Meetings are part of the day-to-day engagement activities of a scrum team. Scrum is the earliest and most popular agile framework used for managing product development. Other agile frameworks are Extreme Programming, Dynamic System Development Method (DSDM), Disciplined Agile (DA), Scaled Agile Framework (SAFe), Large Scale Scrum (LeSS), etc.
A scrum team comprises the product owner, scrum master, and the development team. They work together to deliver a working product.
Most agile teams are co-located because they require face-to-face communication. However, in some cases, they can have virtual team members.
A scrum team has many scrum meetings. These meetings can be related to sprint planning and other engagement sessions like daily stand-up, retrospective, demonstration, etc. Every meeting has different objectives, such as receiving feedback, planning, knowledge transfer, etc.
All scrum meetings have ground rules, such as fixed meeting duration, no personal comments, and punctuality. In most cases, the scrum master leads these meetings and represents servant leadership.
Roles and Terminology in the Scrum Framework
Before diving into the various scrum meetings, let’s understand some scrum terminologies.

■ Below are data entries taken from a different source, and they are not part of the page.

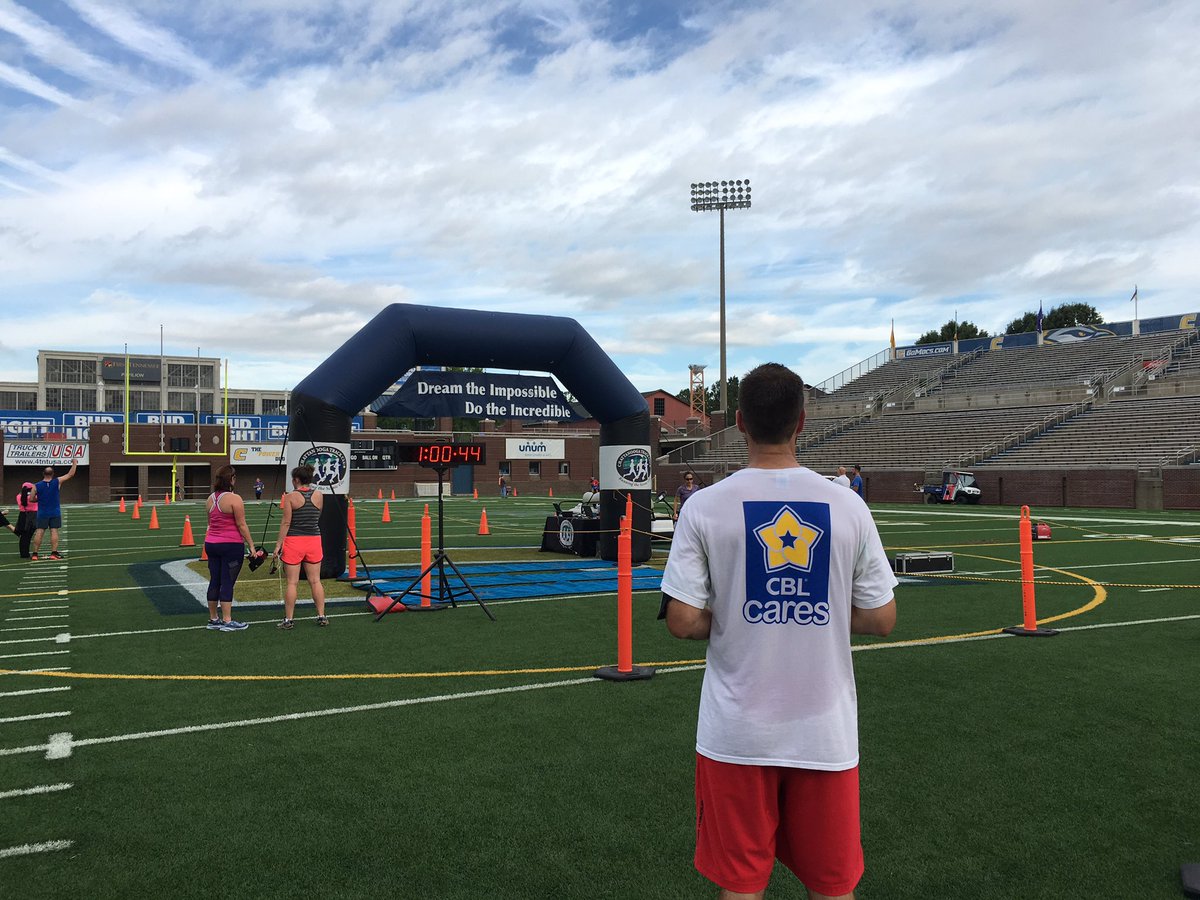CBLproperties's tweet photo. Congrats to the team members who participated in the #RunOfHonor 8K this morning. #CBLFIT #CBLcares https://t.co/fAWMeF4cp7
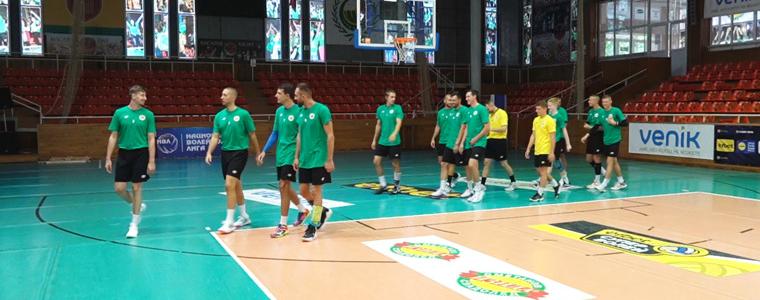 Отлична атмосфера в отбора усещат състезателите на „Добруджа 07“ (ВИДЕО)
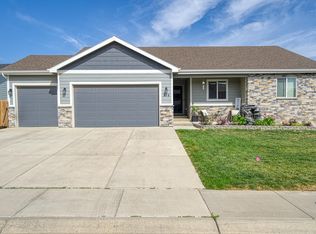 219 College Park Cir, Gillette, WY 82718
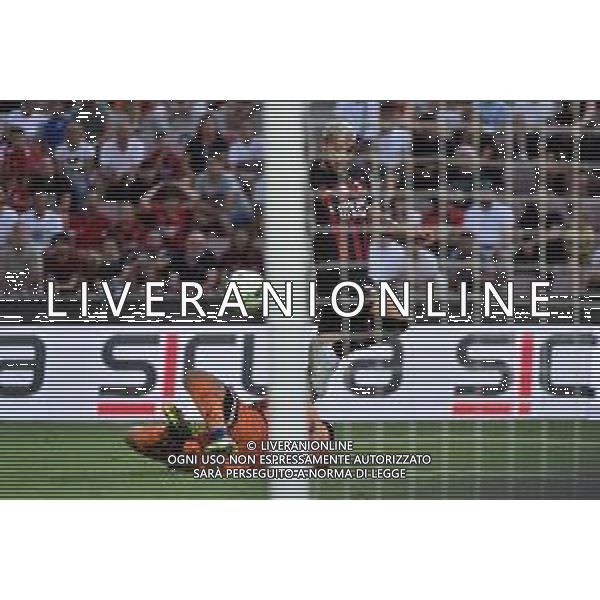 Theo Hernandez (Milan) salta Rok Brzan (LR Vicenza) la palla viene poi appoggiata in rete da Junior Messias (Milan) per il gol del 4 a 1 LR Vicenza vs Milan Vicenza 06-08-2022 Stadio Romeo Menti amichevole precampionato foto Roberto Garavaglia/ag. Aldo Liverani sas /AGENZIA ALDO LIVERANI SAS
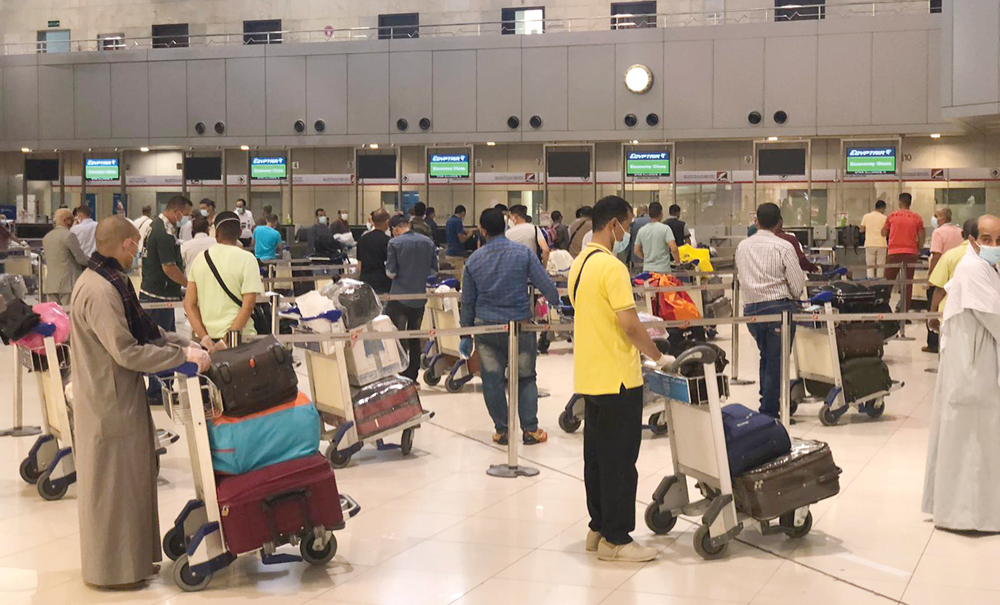 كثافة أمام الوزن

◉ Scrum Master: This is the team leader who keeps the team focused on its goals and ensures it adheres to agile principles.

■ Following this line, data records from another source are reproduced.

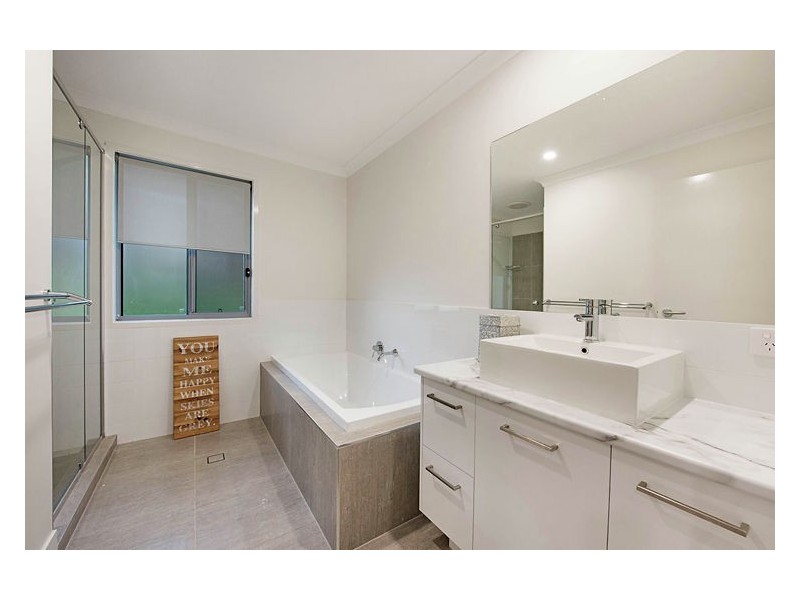 8 Tramline Rise, Burnside QLD 4560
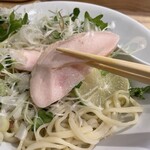 開運橋通 ふじ原 - 「冷やし塩煮干しそば」　鶏むねチャーシュー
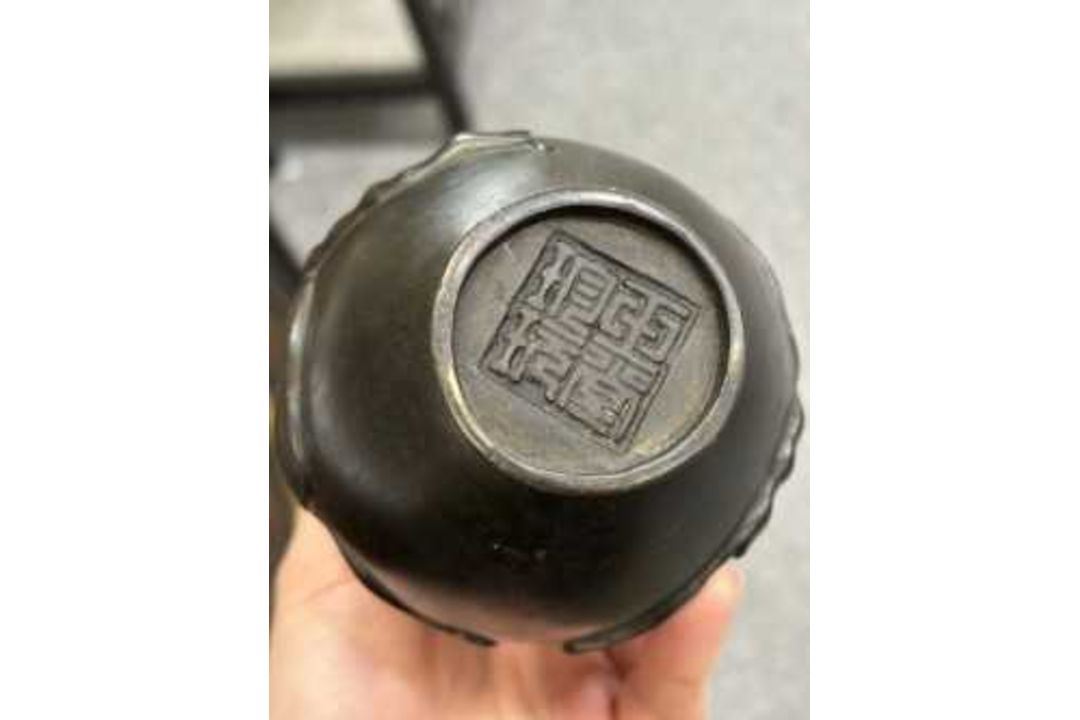 A JAPANESE BRONZE IKEBANA VASE - Image 4 of 10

◉ Product Owner: This is a business-oriented team member who works with the team and client to help prioritize the backlog from the business perspective.
◉ Development Team: This is a self-organizing and cross-functional team that delivers a sprint release.
◉ Product Backlog: This prioritizing tool helps the team deliver the highest value without creating waste.
◉ Servant Leader: This is a coach and impediment remover. In most cases, the scrum master plays this role.
◉ Sprint: This is a time-boxed cycle on which scrum is run to deliver a shippable increment of the product.
◉ Working Product: This is the product being developed, and feedback is received
Types of Scrum Meetings
The followings are key scrum meetings:
1. Daily Stand-up
2. Retrospective
3. Sprint Planning
4. Demonstration/Review
5. Backlog Refinement
#1. Daily Stand-up
This meeting is also called Daily Scrum or Scrum Huddle. The duration of the stand-up meeting is 15-minutes, and the scrum team reviews progress from the previous day, declares activity for the current day, and highlights any encountered or anticipated impediments.
Team members answer the following questions:
1. What did we do yesterday?
2. What will we work on today?
3. What are the impediments?
The meeting has a fixed duration of 15 minutes to stop team members from losing focus and possibly becoming a status meeting. Note that daily scrum is not for reporting status updates. If the team requires more brainstorming, they can use the parking lot (which occurs after the standup).
Any team member can conduct daily scrums. The benefits of this meeting are:
◉ It helps team members micro commit to each other – Question (2) above addresses this. Since trust is an integral part of agile, team members ensure they deliver as expected.
◉ It uncovers problems quickly and minimizes waste – Waiting is software waste, and Question (3) above helps achieve this where the scrum master quickly intervenes and removes impediments preventing workflow.
◉ It ensures a smooth workflow by connecting the past and present with potential barriers. So, the team can look ahead.
◉ It keeps the team on track and provides transparency to avoid surprises.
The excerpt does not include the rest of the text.